Nous étions alors en vacances à Bourg d’Oisans, en Isère. Un jeune homme très sportif s’était montré intéressé par la petite.
Il semblait sincère, promettait de bien s’en occuper.
Et même si le cœur se serrait déjà à l’idée de s’en séparer, nous avions décidé de la placer.
Avec Kumiak encore tout jeune, nous ne pensions pas agrandir la meute si vite.
Je suis donc allée remettre Loupiotte à son nouveau propriétaire confiante, mais un peu inquiète malgré tout.

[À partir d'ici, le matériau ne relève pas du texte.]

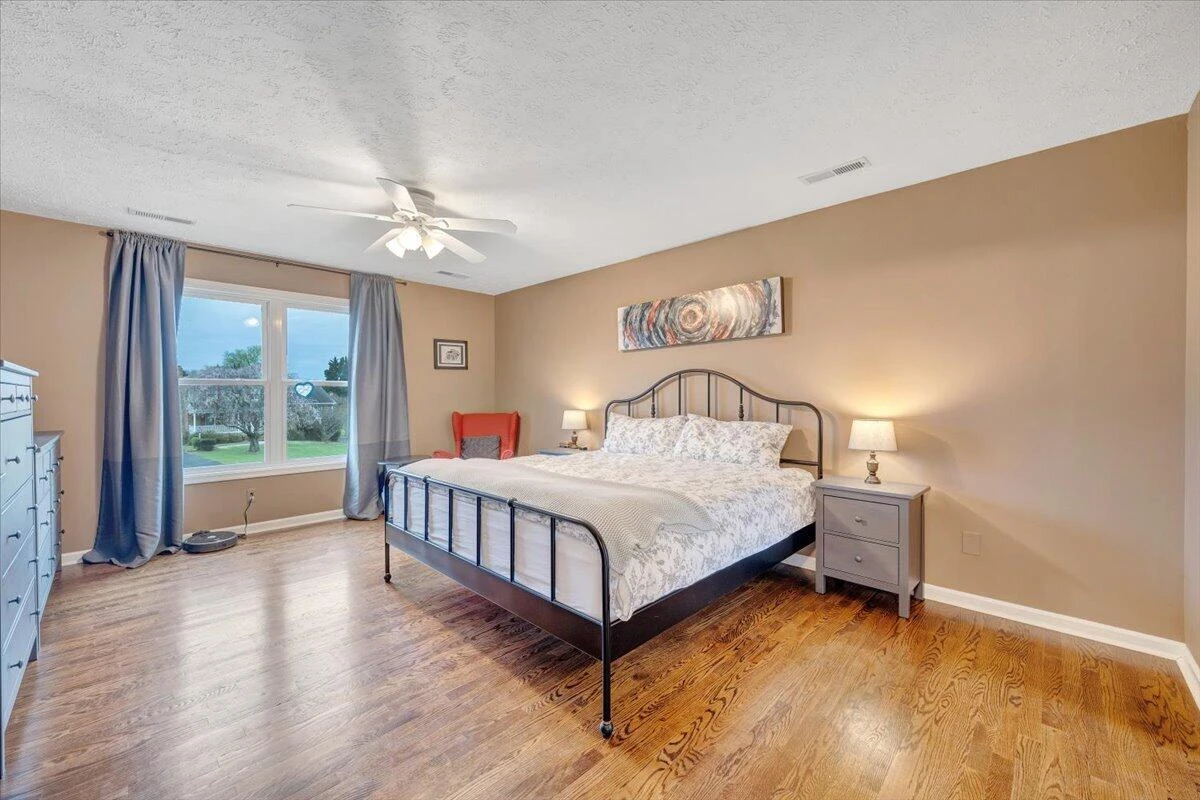 1111 Charmin DR - Photo 18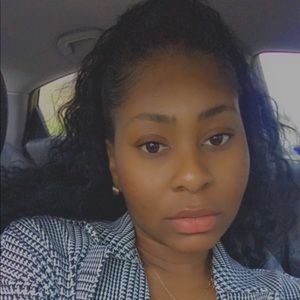 Meet your Posher, Amber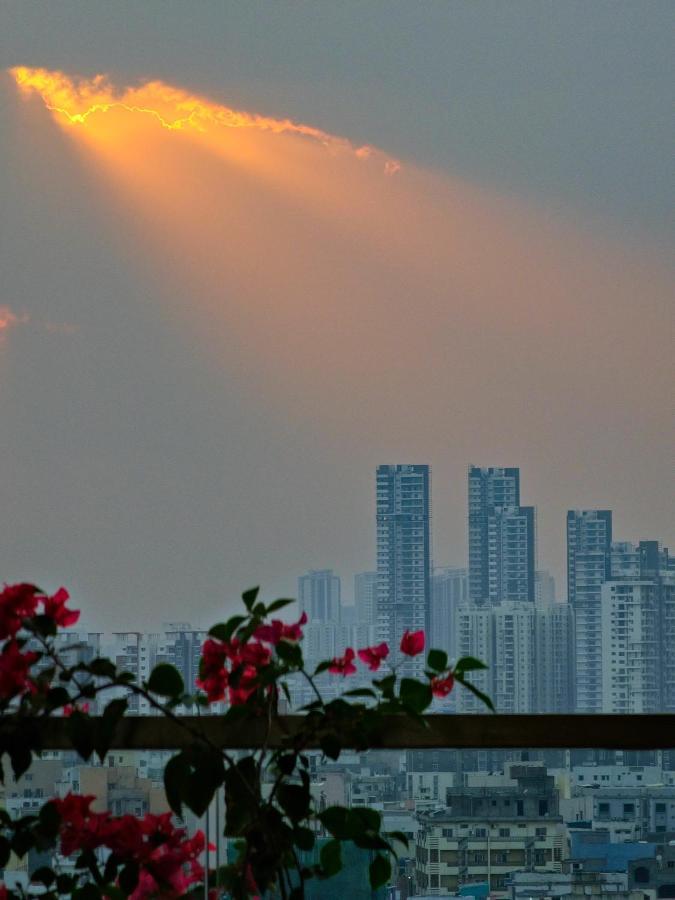 Bridge Serviced Apartment in Banjara Hills Hyderabad Bagian luar foto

Je lui avais dit que je restais dans la région toute la semaine, prête à intervenir au moindre souci.
Mais très vite, mes doutes ont pris racine. Chaque jour, un nouvel incident.
Un jour, il m’annonce que Loupiotte est tombée dans la rivière
— en plein hiver, à seulement deux mois. Le lendemain, elle toussait.
Et le surlendemain, elle était attachée sous une table dans un café, car des clients voulaient la racheter.
C’en était trop. Avec mon ami musher, nous avons foncé la récupérer.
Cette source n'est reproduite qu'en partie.